> _Problem description_
Please repeat exactly the lines below from the line with "Here we can" to the line with "The first shield", including both, and leave out every picture.

> _Information given_
◇ ◇ ◇ ◇
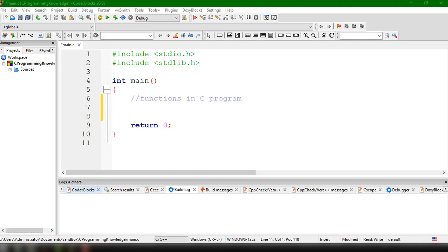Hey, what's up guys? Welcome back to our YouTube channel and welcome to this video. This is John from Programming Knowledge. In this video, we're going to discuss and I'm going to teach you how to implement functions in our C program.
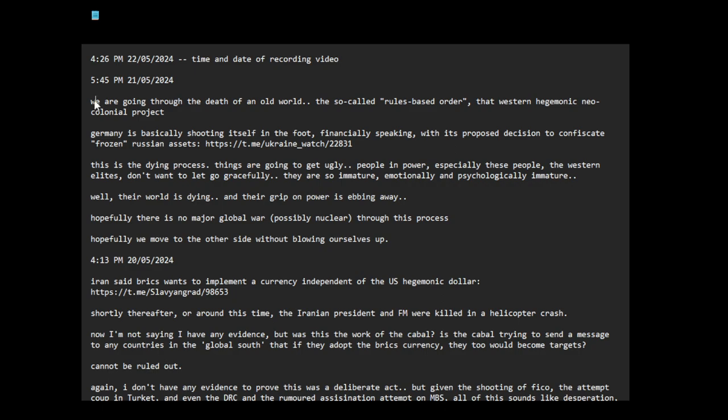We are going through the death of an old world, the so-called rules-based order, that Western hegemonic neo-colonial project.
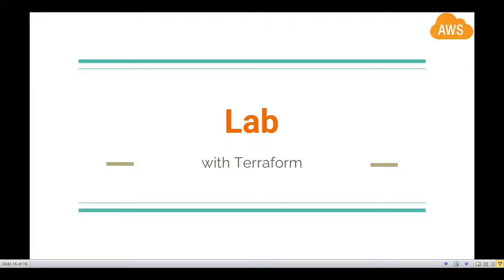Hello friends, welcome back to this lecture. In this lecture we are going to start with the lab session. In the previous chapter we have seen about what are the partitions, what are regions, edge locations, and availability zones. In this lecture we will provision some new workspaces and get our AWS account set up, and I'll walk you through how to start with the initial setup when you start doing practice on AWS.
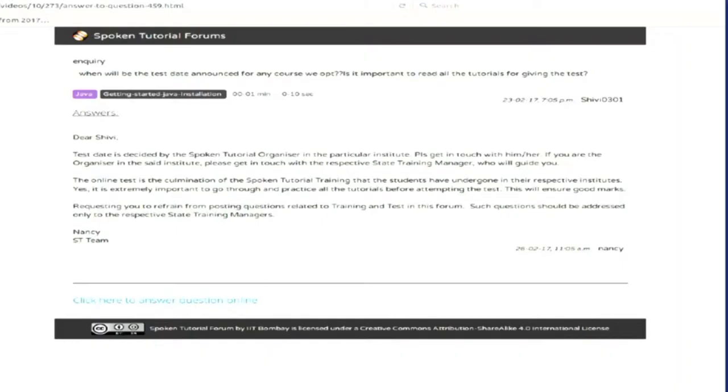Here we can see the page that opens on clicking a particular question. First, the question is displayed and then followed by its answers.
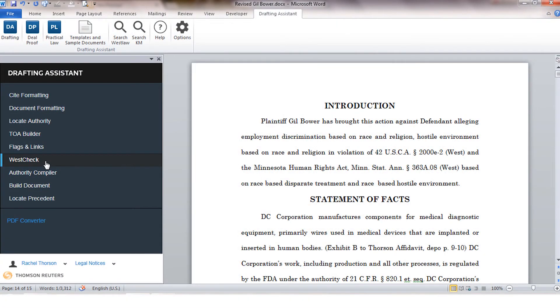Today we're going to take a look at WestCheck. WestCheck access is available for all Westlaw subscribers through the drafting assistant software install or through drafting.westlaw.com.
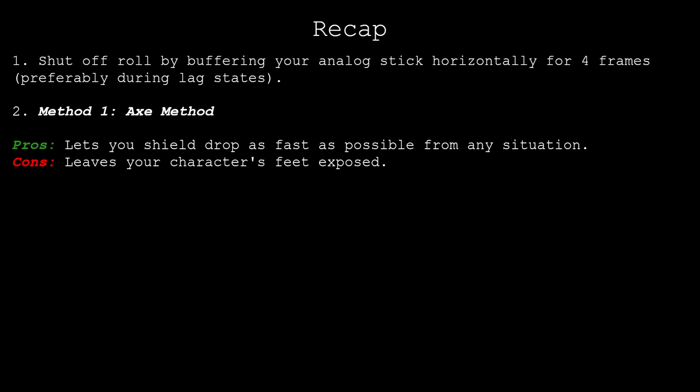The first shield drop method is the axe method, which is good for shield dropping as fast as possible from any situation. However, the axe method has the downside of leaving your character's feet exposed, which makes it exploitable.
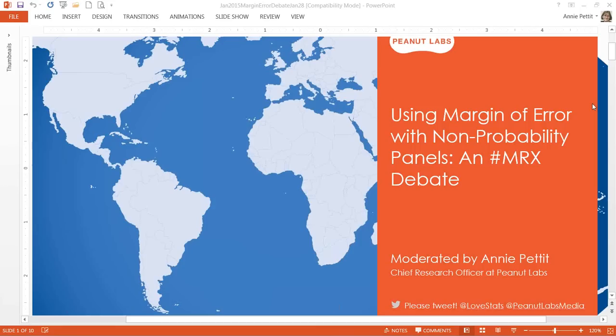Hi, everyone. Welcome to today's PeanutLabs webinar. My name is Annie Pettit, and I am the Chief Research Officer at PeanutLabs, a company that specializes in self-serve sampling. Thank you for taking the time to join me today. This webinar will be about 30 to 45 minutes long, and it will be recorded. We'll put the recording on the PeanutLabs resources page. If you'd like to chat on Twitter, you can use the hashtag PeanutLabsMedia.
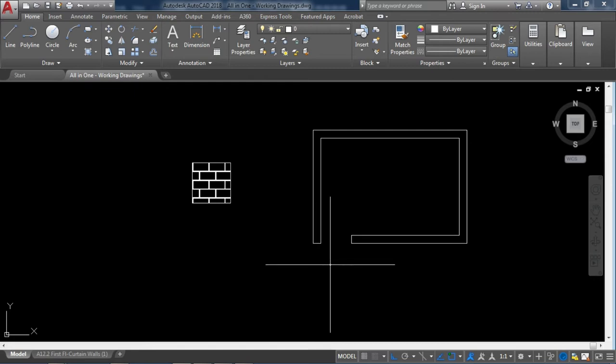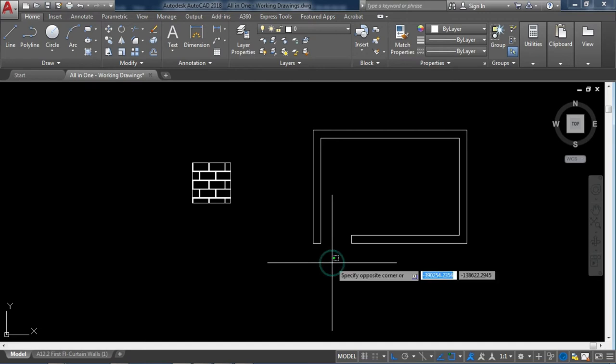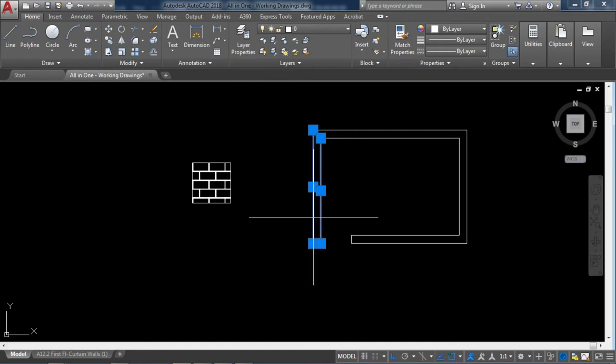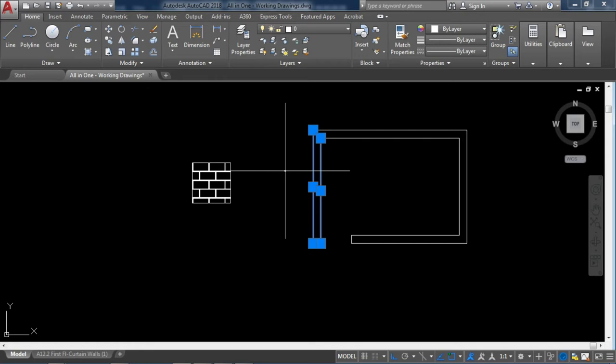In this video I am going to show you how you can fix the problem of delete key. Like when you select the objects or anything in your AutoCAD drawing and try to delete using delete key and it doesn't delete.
◇ ◇ ◇ ◇
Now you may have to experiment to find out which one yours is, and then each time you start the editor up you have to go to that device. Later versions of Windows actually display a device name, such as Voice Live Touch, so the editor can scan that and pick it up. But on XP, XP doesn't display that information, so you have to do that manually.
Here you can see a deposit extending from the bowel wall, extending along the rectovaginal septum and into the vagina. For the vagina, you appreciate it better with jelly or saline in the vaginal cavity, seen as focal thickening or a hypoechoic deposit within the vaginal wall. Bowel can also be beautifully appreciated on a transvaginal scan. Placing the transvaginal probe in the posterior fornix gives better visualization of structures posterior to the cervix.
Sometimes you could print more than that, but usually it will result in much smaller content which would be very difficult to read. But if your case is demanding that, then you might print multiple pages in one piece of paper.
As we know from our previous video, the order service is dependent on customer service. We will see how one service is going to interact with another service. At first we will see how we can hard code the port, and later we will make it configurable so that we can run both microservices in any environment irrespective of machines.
◇ ◇ ◇ ◇
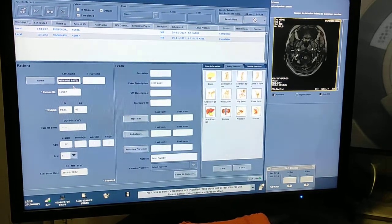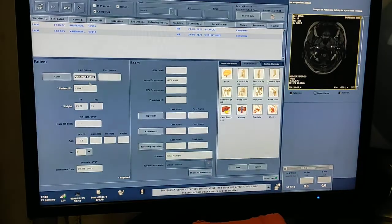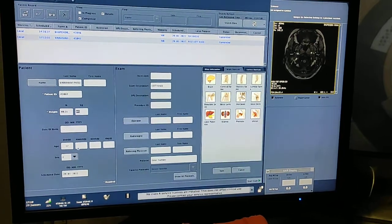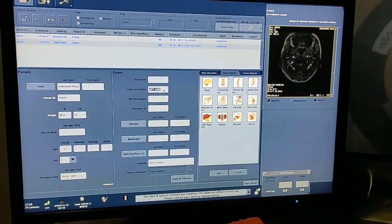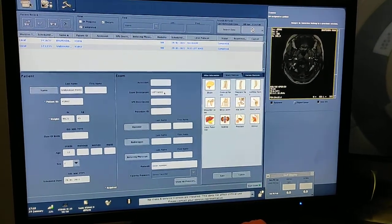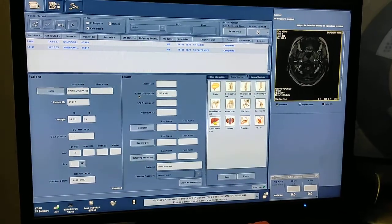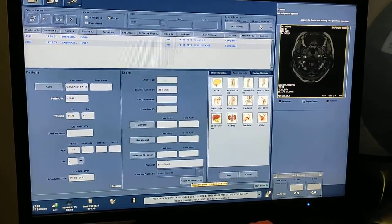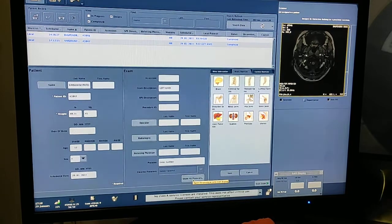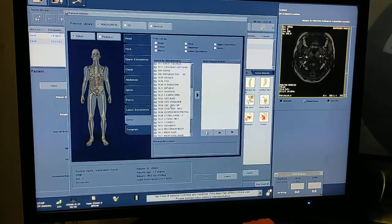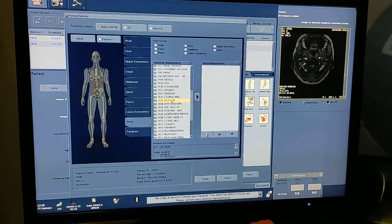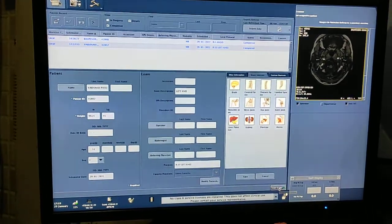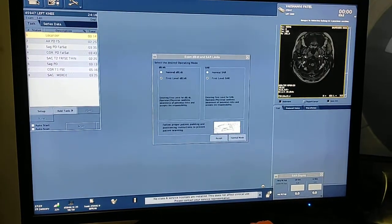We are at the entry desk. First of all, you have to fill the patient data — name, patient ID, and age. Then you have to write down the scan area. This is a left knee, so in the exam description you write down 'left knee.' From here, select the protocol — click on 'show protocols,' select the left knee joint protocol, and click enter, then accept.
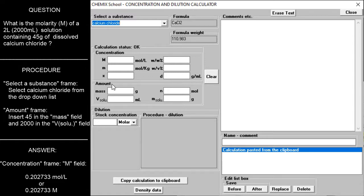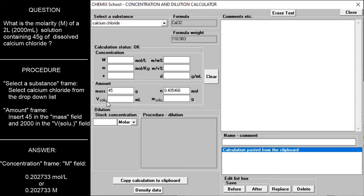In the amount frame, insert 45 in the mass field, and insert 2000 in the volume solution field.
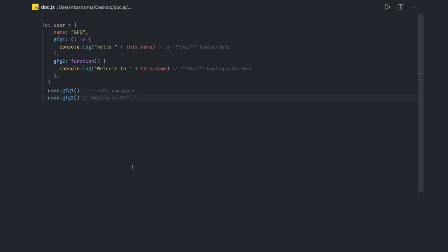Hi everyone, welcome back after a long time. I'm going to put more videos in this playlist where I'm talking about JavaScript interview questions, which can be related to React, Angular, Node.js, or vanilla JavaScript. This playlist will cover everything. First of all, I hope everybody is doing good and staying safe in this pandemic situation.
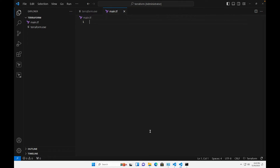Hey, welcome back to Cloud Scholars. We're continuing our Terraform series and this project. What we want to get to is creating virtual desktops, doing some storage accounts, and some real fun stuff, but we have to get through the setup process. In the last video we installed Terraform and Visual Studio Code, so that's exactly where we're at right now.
◇ ◇ ◇ ◇
> _Task answer_
Here we can see the page that opens on clicking a particular question. First, the question is displayed and then followed by its answers.
Today we're going to take a look at WestCheck. WestCheck access is available for all Westlaw subscribers through the drafting assistant software install or through drafting.westlaw.com.
The first shield drop method is the axe method, which is good for shield dropping as fast as possible from any situation. However, the axe method has the downside of leaving your character's feet exposed, which makes it exploitable.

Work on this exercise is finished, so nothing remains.